An example of the former, one of several in US states including Ohio and Pennsylvania, is miner EZ Blockchain, which is utilising otherwise wasted nuclear power in West Point, Georgia.
An example of the latter is Norway headquartered Earth Wind & Power formed by a former Minister of National Public Security and Deputy Minister of Petroleum and Energy, Ingvil Smines Tybring-Gjedde, which has proofs of concept underway in Indonesia.
A third option, still limited in application, is the use of crypto mining and data centres to deliver flexibility to the grid. An example is crypto miner Hive Blockchain Technologies, which is partnering with demand response specialist Sympower to deliver flexibility to Sweden’s grid.

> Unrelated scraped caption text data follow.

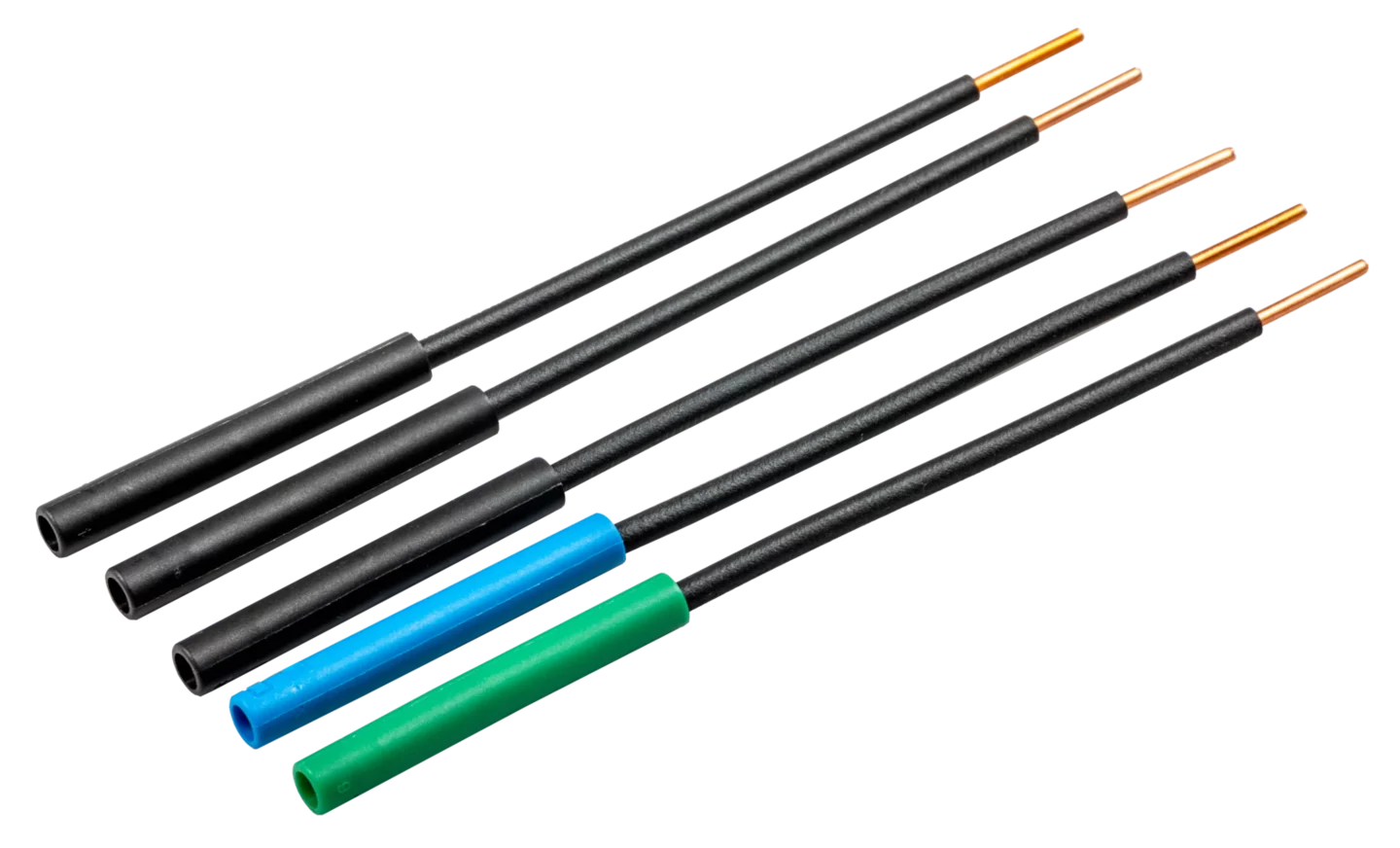 Adapter przewodowy do zacisków kontrolnych - 5 szt.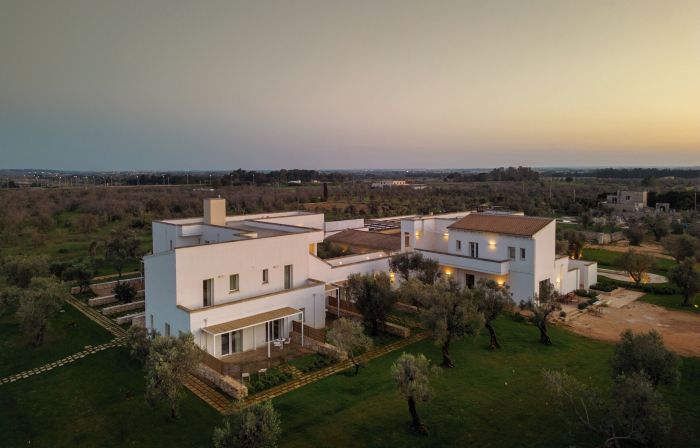 Secolario Masseria Del Viverbene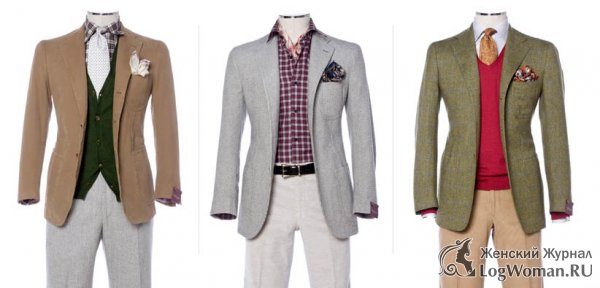 С чем носить мужской пиджак: секреты стиля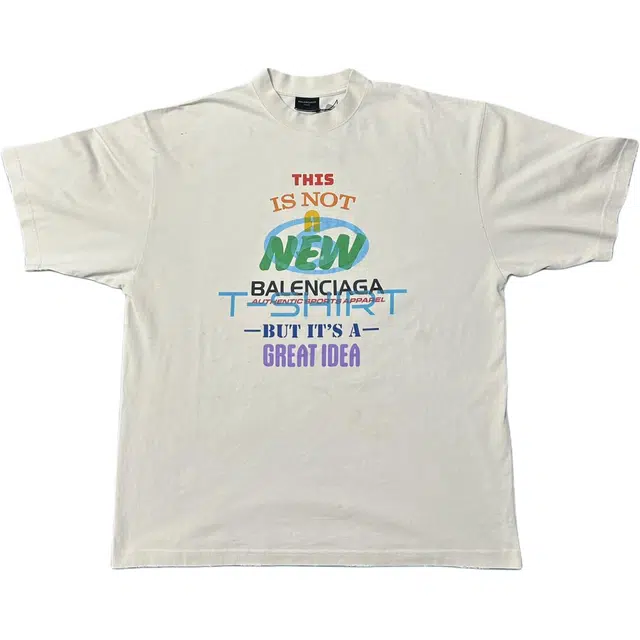Balenciaga FW25 T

As a principle, the decarbonisation of crypto mining is obviously important for its future and solutions such as Energy Web’s Zero and the Crypto Climate Accord are emerging to support this process.
But the key issue for the policy and lawmakers and what they are likely to win on remains the value to wider society.
The most extreme response is a ban, such as was implemented in China, once the world’s biggest mining hub, which simply sent miners rushing in search of other lowest cost energy countries but also has resulted in sending the activity ‘underground’ in that country.
While there have been calls for a ban in Europe, this has so far not happened and is unlikely to do so.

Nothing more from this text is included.